In an effort to ease the load on its main Alpha-based supercomputer, and to add more processing power to the existing 100-node Intel cluster, the Australian Partnership for Advanced Computing (APAC) has ordered another 50 Intel computers which it will bring online using in-house skills.
Dr Bob Gingold, head of the Australian National University supercomputing facility and manager of the APAC national facility, said the decision to go with single-processor, off-the-shelf hardware was the result of a benchmarking and cost assessment.
“We did extensive benchmarking into the amount of processing power gained by having dual-processor nodes,” Dr Gingold said. “The amount you gain out of the second processor may be as little as 1 per cent, but on average it’s about 30 per cent.
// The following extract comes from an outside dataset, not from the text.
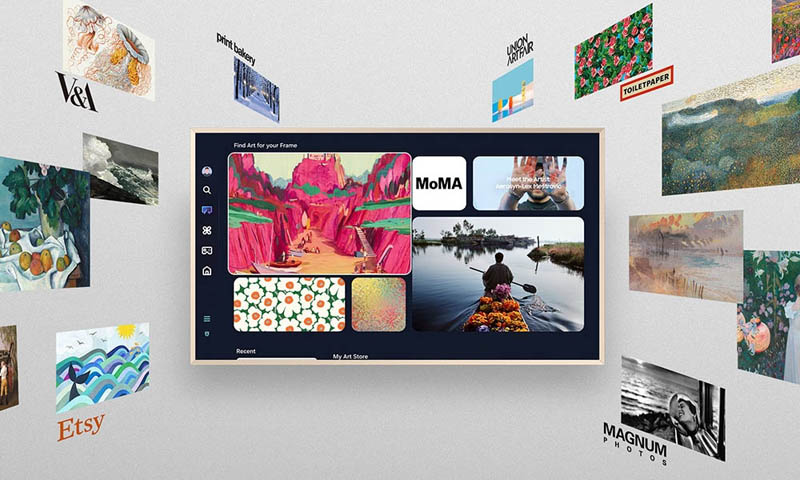 Smart tivi khung tranh the Frame qled Samsung 65 inch QA65LS03F - Hàng chính hãng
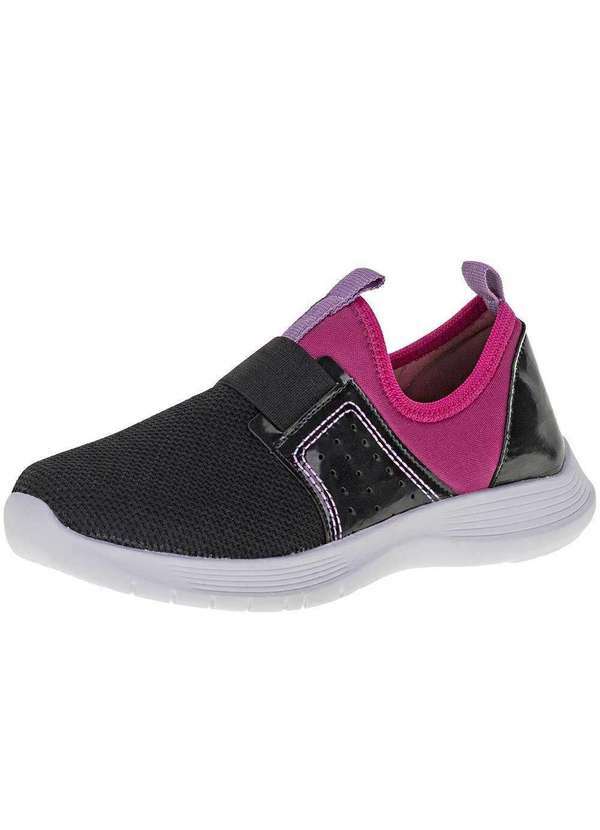 Ju Flores - Tênis Infantil Feminino Ju Flores - 32025 - Preto/Rosa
This is mainly due to memory limitations.”
Gingold said the best “bang for buck” is achieved with single-processor nodes as Intel Xeon systems which have two processors are more expensive.
APAC originally went to tender earlier this year and purchased 100 Dell Pentuim 4 towers which it has arranged on shelves.
“Dell gave us a good deal and the cost of the cluster was not much more than a couple of hundred thousand dollars,” Gingold said. “Since space wasn’t a concern for us we didn’t need rack-mounted servers. I’m very pleased with the work my team did in arranging the towers and cabling. It only took a couple of weeks to assemble.”
With the main cluster in place and running at some 530 gigaflops, Gingold is preparing to add another 50 identical nodes to the cluster this month.
“We will be getting the next batch cheaper as that model has been superseded,” he said. “It works out less than 50 per cent of the cost of the 100 nodes. However, we do expect a 50 per cent increase in performance.”
The cluster – which is used exclusively for scientific and engineering research – runs Linux and other open source software.
“We haven’t experienced any serious problems with Linux and openpbs [portable batch system], which we use for job scheduling, is highly successful,” Gingold said. “The system is meant to be used by top-end users who are Linux savvy.”
Although the cluster is not designed for high availability, Gingold is confident it can perform reliably.
“Machines these days are reliable enough so we need not to be too concerned about whether a node goes down,” he said. “If a node did go down it would interrupt that job, but not affect the rest of the cluster.”
So far, the only hardware failure experienced was a disk failure, Gingold said.